I am not a historian and I might be entirely wrong but I can’t help wondering if many white South Africans never got the post-colonial memo; that, instead of being awoken out of the comfortable blancocentric slumbers of the 1930s by World War 2, we hit snooze in 1948 and went back to sleep until 1994.
Perhaps this is where the anger comes from. I imagine that if I woke up (or came out of the jungle) to find my ancestral and spiritual home unrecognisably different, my overwhelming response would be grief. Is it possible that many white South Africans feel they have lost their Heimat and, if so, that their anger is born of grief?
Elisabeth Kübler-Ross might agree. Her famous model for the five stages of grief is disputed, but I do find it interesting that her first two phases are denial and anger. Was the “Rainbow Miracle” and Madiba-love a kind of denial, an irrational belief that a dreamed-of country, with all its 1930s social strata intact and unchallenged, might still be within reach? Is that why even some whites who consider themselves non-racist feel no shame in employing black women to tidy even small flats – because servants are part of the natural pre-War order?
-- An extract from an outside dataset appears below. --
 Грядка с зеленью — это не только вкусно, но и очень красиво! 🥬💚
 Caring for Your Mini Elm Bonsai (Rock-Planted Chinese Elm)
Is the anger I see all around me the result of the denial slipping away? Are many whites now feeling what Onoda felt; that society had gone to hell simply because it was no longer how things had been in the 1930s?
I don’t know if the Kübler-Ross model is applicable to us or even worth examining in the context of white anger. But if there is merit in both, it might be worth noting that the next stage of grief is bargaining. Can we still be friends? If you take the mines will you at least leave me my farm? After this comes depression, and then, at last, acceptance. I like to imagine that acceptance is not a grudging surrender but rather a new beginning, a rebirth into modernity. But for now, it seems, we have a long way to go.